Nach der Begrüßung im Beisein von Bürgermeister Markus Grüner begannen die Besucher mit der Präsentation der eigenen Modelle: "Das macht das Miteinander aus, wenn alle Gäste zu Beginn des Treffens ihre Preziosen hervorholen und diese unter staunenden und ebenso neugierigen Blicken der anderen Teilnehmer aufbauen," sagt Gottschalk über das Prozedere: "Das Besondere dieser Gemeinschaft ist aber die Präsentation der Verkehrsmodelle, die alle Sammler aus ihrem ganz persönlichen Fundus mitgebracht hatten."
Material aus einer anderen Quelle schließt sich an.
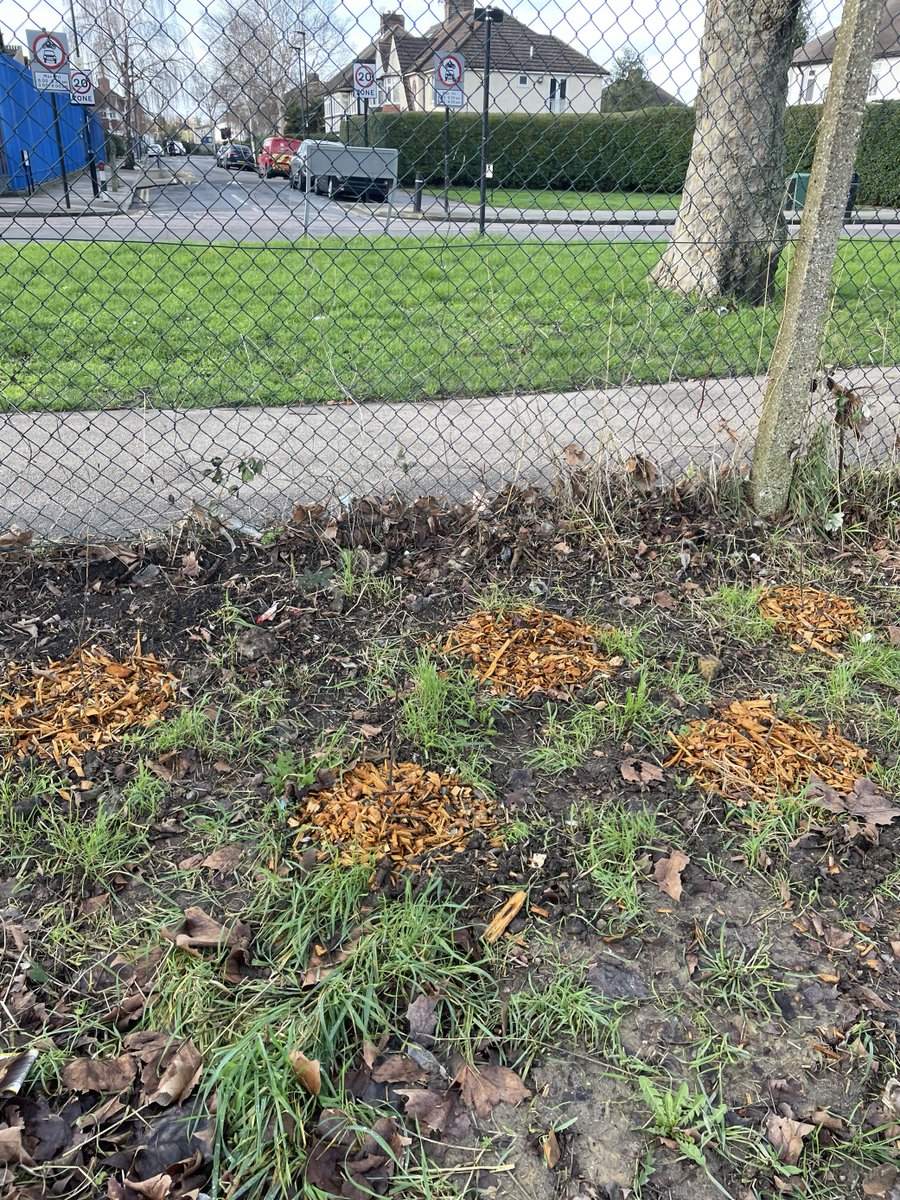 LondonPS_CP's tweet image. At Roots4Life over the last few months London CP have planted some new saplings and re-mulched some existing young trees, giving them the best possible chance of surviving and becoming established for future users of the site to enjoy. #CommunityPayback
Beim Rundgang zeigte sich Bürgermeister Markus Grüner (CSU) überrascht von der Vielfalt der Autominiaturen, die 1948 nach der Währungsreform in den Handel kamen. Bereits 1932 hatte Wiking-Gründer Friedrich Peltzer mit dem Bau von Schiffsmodellen im Maßstab 1:1250 angefangen, wechselte nach dem Krieg zunächst auf 1:100 für Automodelle, um diese später der Modellbahngröße H0 anzupassen.
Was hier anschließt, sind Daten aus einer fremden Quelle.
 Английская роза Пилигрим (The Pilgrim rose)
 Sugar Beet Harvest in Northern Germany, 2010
Details innerhalb der präsentierten Szenerien, die die Herzen der Kenner höher schlagen lassen, bleiben dem Laien häufig verborgen. So etwa wurden Mitte des vorigen Jahrhunderts die passenden unter zwei Zentimeter großen Figuren, die viele der ausgestellten Dioramen erst zum Leben erwecken, noch handgefertigt und aus Holz gesägt und bemalt. Der materielle Wert vieler Einzelstücke ergibt sich zudem aus der noch am freien Markt befindlichen Anzahl dieser Liebhaberteile, manche Modellbausammler horten wahre Schätze und geben diese den Augen anderer Menschen nur bei Ausstellungen frei.


Eine besondere Aura

Dies gilt für frühe Produktionsreihen der Modellfahrzeuge ebenso, resümiert Gottschalk: "Viele haben sich diesmal auf die Wiking-Anfangsjahre der Fünfziger fokussiert. Der Reiz des damaligen Minimalismus versprüht gerade heute seine ganz besondere Aura."
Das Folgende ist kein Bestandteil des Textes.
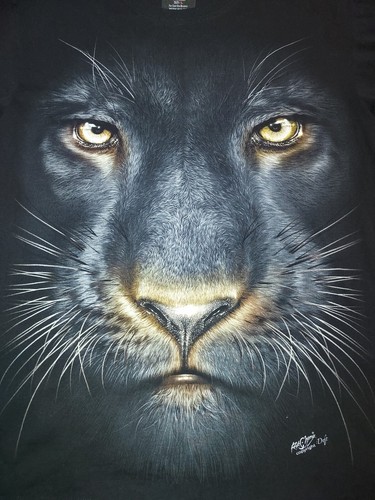 Rock Chang Deft High Definition Men's Large Graphic Print T-shirt Black Puma - Picture 2 of 7
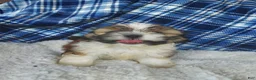 Shih Tzu dogs for sale: Larry - Ad 5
Authentische Dioramen, als Wiking noch schlichte, unverglaste Karosserien produzierte und die Räder auf heiß ins Fahrgestell eingeschmolzene Achsen aufgesteckt und an den vier Enden abgeknipst wurden, waren zu sehen: "Die sogenannten Wiking-Drahtachser der 1950er, die nur knappe vier Jahre gebaut wurden, gelten heute als Raritäten." Ein zusätzliches Event für die Sammler war die gleichzeitig ablaufende Wiking-Auktion von Christian Wrede in Nürnberg, fasst Gottschalk die drei Tage zusammen: "Insgesamt eine schöne Kombination, um unserer Leidenschaft weitere neue Impulse zu geben."